◆ Problem details
Apart from the pictures, output all of the records exactly.

◆ Dataset content
+++++

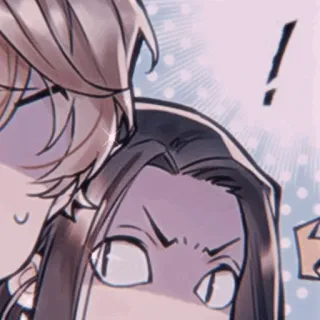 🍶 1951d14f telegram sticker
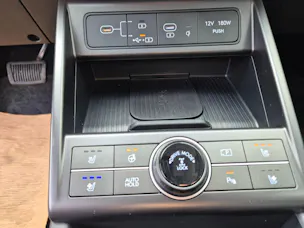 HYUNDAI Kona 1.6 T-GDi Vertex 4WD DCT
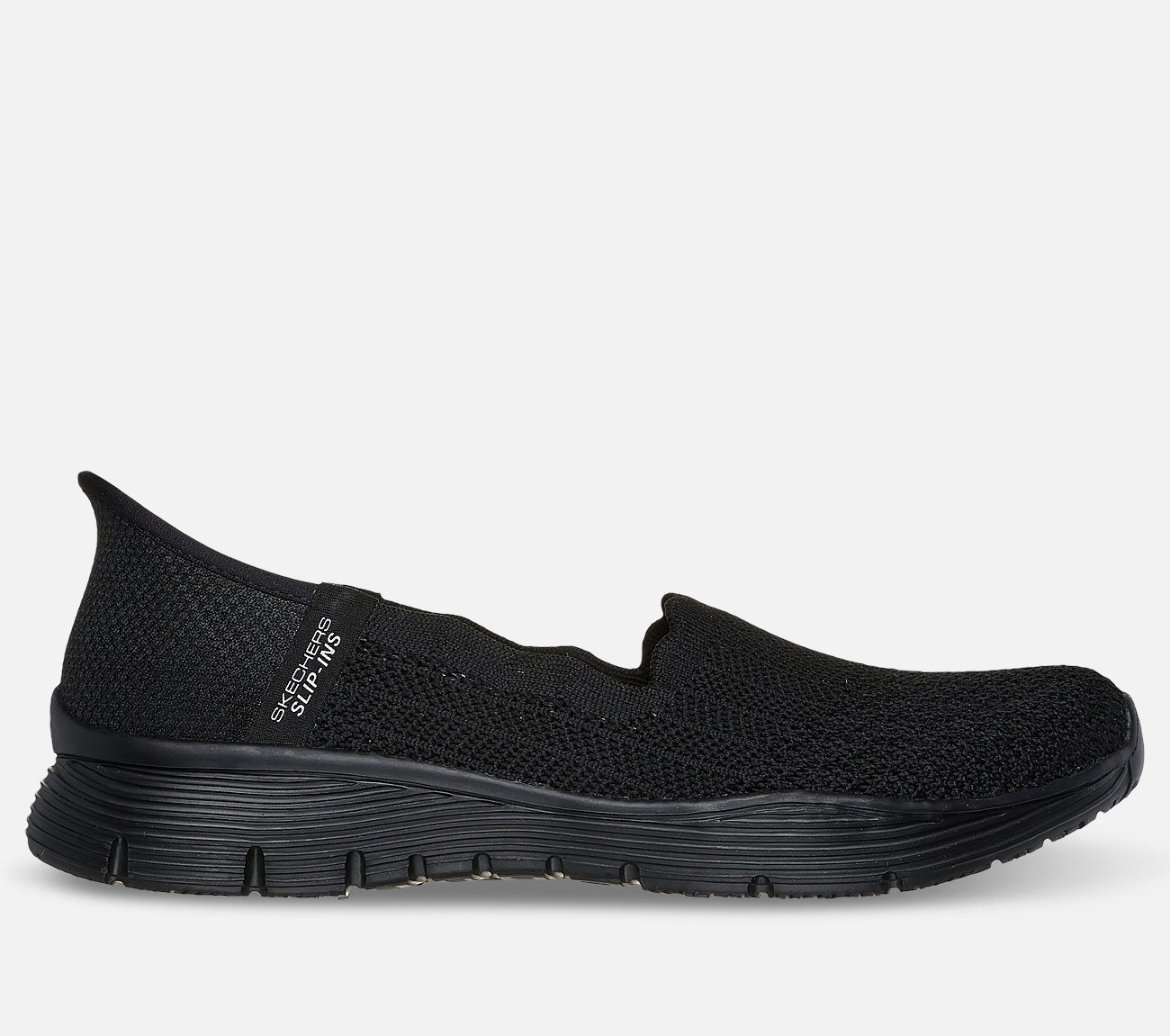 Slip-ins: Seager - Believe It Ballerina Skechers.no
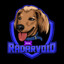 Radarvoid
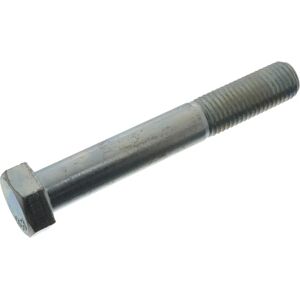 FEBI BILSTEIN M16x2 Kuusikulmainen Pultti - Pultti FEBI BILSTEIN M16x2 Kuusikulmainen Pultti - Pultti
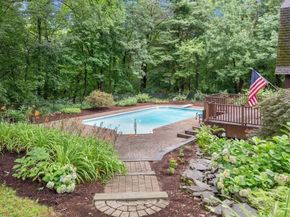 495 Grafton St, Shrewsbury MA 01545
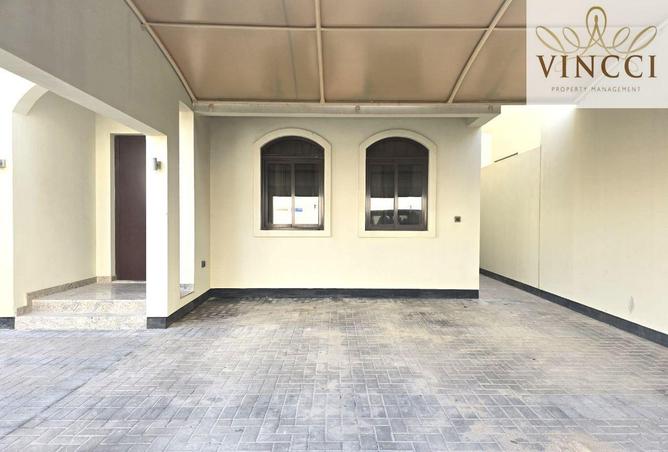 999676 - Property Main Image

+++++

◆ Result
 🍶 1951d14f telegram sticker
 HYUNDAI Kona 1.6 T-GDi Vertex 4WD DCT
 Slip-ins: Seager - Believe It Ballerina Skechers.no
 Radarvoid
 FEBI BILSTEIN M16x2 Kuusikulmainen Pultti - Pultti FEBI BILSTEIN M16x2 Kuusikulmainen Pultti - Pultti
 495 Grafton St, Shrewsbury MA 01545
 999676 - Property Main Image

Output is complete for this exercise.